Datafilos: května 2023

úterý 16. května 2023

Summary evaluation for Wikipedia

Wikipedia articles, at least in English, tend to be overgrown - they contain a lot of information of mixed importance. However, we do not always have time to go thru all the content. It helps that articles are structured to have the most important things in the first sentence/paragraph. However, the importance is not really differentiated within the body. If you have to read the body, you get swamp. I use two tricks to deal with that: 1. Switch to a different language. The idea is that articles in different languages are smaller. However, they still contain the most important information. 2. Use a historical version of the article. The idea is that the most important information was entered before the less important information. People are obsessed these days with text-generative AI. Hence a proposal to use AI for shortening of English articles.

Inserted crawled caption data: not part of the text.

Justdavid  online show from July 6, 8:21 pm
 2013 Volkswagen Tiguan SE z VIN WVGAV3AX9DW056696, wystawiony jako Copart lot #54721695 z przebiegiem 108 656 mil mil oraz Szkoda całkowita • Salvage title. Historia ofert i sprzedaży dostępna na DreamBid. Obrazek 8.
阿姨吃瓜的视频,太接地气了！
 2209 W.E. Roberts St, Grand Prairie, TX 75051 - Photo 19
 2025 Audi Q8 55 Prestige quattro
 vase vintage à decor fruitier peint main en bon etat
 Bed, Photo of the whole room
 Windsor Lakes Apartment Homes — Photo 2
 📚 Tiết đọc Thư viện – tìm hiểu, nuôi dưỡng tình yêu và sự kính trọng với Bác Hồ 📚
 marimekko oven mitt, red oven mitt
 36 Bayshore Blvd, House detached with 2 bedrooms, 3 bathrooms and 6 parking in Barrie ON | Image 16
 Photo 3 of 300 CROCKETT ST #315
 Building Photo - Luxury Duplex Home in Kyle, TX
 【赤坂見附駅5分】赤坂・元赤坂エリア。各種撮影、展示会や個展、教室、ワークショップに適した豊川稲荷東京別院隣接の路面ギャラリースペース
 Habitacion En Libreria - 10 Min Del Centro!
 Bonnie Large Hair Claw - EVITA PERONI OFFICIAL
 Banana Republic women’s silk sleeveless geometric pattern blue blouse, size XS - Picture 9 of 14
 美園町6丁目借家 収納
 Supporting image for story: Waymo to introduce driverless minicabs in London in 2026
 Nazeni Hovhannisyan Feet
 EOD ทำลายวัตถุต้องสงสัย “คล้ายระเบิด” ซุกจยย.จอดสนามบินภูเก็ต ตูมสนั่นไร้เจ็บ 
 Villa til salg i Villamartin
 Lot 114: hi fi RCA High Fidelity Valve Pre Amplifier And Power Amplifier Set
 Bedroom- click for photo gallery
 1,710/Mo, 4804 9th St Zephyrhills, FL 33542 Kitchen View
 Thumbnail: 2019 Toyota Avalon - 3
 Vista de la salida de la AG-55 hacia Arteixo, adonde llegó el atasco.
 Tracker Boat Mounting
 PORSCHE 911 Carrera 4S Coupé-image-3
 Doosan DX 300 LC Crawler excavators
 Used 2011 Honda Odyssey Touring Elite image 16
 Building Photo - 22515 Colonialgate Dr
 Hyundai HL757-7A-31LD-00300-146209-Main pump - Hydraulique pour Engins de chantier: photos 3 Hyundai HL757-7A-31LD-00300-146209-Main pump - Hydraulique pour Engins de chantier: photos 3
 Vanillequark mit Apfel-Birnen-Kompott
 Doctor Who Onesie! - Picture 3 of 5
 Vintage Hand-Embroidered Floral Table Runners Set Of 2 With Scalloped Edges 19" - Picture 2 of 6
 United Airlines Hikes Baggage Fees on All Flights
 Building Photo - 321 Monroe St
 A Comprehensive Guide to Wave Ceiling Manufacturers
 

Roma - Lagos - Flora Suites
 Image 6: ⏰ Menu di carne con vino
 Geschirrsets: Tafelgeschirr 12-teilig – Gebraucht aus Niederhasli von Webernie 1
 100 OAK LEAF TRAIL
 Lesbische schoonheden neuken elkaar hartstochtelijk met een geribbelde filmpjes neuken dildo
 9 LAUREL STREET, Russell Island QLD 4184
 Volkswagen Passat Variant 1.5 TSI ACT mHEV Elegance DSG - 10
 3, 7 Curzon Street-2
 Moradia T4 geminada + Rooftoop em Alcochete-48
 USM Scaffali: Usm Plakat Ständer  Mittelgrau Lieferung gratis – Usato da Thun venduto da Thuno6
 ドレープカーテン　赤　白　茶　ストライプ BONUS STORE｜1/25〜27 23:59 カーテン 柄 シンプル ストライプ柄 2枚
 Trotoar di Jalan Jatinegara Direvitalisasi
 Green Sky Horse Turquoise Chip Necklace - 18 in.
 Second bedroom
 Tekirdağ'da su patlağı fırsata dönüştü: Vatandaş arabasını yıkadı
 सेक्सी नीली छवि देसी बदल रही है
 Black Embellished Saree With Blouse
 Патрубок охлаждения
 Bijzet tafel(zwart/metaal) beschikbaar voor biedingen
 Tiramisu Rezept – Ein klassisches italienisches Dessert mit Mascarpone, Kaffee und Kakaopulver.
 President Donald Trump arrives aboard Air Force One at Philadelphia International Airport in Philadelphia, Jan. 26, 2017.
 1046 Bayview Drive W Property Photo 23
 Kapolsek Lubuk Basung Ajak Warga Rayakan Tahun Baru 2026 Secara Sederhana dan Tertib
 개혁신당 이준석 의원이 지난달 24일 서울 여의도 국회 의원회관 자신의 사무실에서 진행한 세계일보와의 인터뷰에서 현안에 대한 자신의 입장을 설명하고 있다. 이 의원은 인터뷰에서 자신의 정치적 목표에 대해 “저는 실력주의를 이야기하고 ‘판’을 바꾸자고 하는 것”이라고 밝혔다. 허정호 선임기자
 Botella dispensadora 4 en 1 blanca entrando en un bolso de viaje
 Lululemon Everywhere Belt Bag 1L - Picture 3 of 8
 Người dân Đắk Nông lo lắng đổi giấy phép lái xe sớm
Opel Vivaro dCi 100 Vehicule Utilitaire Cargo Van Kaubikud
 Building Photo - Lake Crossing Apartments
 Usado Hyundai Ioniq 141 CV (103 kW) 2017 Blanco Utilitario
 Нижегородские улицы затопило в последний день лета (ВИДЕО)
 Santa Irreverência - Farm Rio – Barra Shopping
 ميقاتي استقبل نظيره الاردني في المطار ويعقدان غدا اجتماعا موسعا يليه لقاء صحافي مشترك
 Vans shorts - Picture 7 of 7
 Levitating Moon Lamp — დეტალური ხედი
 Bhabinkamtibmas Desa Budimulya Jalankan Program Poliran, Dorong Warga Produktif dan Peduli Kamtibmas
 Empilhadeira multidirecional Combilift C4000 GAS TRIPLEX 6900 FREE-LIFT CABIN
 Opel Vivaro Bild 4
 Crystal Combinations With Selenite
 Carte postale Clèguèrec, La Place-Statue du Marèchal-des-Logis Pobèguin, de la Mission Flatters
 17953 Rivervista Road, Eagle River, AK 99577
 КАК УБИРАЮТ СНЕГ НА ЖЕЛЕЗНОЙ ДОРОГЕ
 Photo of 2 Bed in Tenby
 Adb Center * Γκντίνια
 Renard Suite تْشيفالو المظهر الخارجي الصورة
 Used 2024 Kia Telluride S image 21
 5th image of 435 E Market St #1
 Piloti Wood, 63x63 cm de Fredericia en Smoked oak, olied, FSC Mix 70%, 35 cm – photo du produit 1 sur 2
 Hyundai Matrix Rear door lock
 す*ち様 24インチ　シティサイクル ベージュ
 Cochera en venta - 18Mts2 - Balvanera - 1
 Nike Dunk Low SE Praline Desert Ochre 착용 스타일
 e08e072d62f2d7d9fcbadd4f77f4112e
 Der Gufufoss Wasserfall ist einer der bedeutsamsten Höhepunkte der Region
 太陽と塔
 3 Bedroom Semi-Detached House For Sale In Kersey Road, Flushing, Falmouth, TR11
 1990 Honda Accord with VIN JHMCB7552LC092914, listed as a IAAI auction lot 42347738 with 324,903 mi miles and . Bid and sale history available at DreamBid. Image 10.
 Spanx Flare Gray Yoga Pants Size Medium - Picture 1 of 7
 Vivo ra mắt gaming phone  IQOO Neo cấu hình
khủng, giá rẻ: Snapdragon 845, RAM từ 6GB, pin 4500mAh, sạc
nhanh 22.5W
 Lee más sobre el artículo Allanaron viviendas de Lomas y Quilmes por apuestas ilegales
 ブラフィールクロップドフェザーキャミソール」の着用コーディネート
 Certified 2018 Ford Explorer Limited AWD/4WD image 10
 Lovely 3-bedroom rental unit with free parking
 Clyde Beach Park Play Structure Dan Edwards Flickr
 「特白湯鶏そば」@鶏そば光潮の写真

Do you need a short description? Generate just a single sentence. Was it not enough? Generate the rest of the paragraph. Need even more? Write a subtopic, which interests you. How to evaluate the quality of the summaries? A. Machine translate all different language variants of the article into English and check the information overlap between the summary and the language variants. Ideally, the overlap will be large. This exploits trick #1. B. Check the overlap between the summary and historical versions of the article. Ideally, the information in the summary will be present even in the old versions of the article. This exploits trick #2. Limitations: 1. Some important information is known only from some date. For example, election results are not available before the results are announced. This can be corrected by observing how quickly given information spreads across different language versions. If the information spreads quickly, it is likely important information, even though it is young information. 2. Language variants are highly correlated because they copy from each other. However, it is reasonable to assume that, for example, English and Spanish are more correlated than, for example, Tuu and Thai, simply because fewer people speak both Tuu and Thai than English and Spanish. If the compensation of these differences is necessary, estimate a correlation matrix on the data and use it to weight the signal.